Conformability is particularly important for tasks that involve taping around irregular shapes or inconsistent surfaces and for maintaining crisp, clean paint lines.

Tear resistance. Tape shredding—when tape tears upon removal—can lead to costly inefficiencies as you or your crew have to spend extra time picking and scraping at small pieces of tape. Preventing shredding relies partly on a little patience when removing. But a more important variable is making sure to use a premium grade tape made with a high-quality fine structured crepe paper that doesn’t easily tear.

Lower-quality masking tapes typically cost less per roll, but they’re also less durable, which means the up-front cost savings quickly disappear with time wasted on unnecessary cleanup of tape scraps. A higher quality tape will be more durable for tasks like masking and floor marking.
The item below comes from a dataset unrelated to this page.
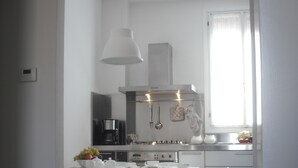 A modern kitchen with white appliances, a dining table set for four, and a window with curtains. - Elegant and modern flat, historical centre wi-fi M0270422272 (Venezia)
Clean removal. Clean removal time refers to the duration, usually measured in days, that a tape can remain in place on a surface prior to the start of painting without damaging the surface or leaving behind sticky residue when it's removed. Generally speaking, the higher adhesion strength means shorter clean removal time—which is why beige tape typically has a shorter clean removal time than blue tape.

Use blue painter’s tape for painting. Use beige masking tape for holding, binding and quick repairs. Every tape’s adhesive is rated for a period of time that it can remain on a surface and still remove cleanly—be sure to read the product packaging or manufacturer’s specifications to know your specific tape’s clean removal time.

UV resistance. Whether your work area is outdoors or indoors and exposed to prolonged sunlight, UV resistance prevents the sun’s rays from breaking down the tape’s adhesive properties and drying out the paper backing, which can become brittle and dry out. Some masking tapes and painter’s tapes use rubber or synthetic-rubber adhesives, which can break down and cause the tape to fail when exposed to direct sunlight for long periods of time. Be sure to look for products specifically formulated with additives that help aid in UV-resistance.

Temperature tolerance. When working in areas with extreme temperatures like cold rooms or boiler rooms, it pays to invest in a durable tape that can perform within your specific temperature range. Just like the presence of UV light can negatively impact a tape’s adhesion and paper backing, extreme temperatures can have the same effects.

Adhesive in painter's tapes and general purpose masking tapes typically perform in temperature ranges from 50 F to 200 F. High-performance masking tapes, which are typically used for heavy-duty industrial applications, can be rated up to 350 F, depending on the product.

Don’t forget — quality counts


Masking tape is a timesaving tool with a wide variety of uses in industrial environments with regular maintenance and repair needs. Whether you’re using tape for painting and floor marking or sealing and labeling, it always pays to invest in a quality product to help you and your crew complete the job quickly and get on your way to the next task.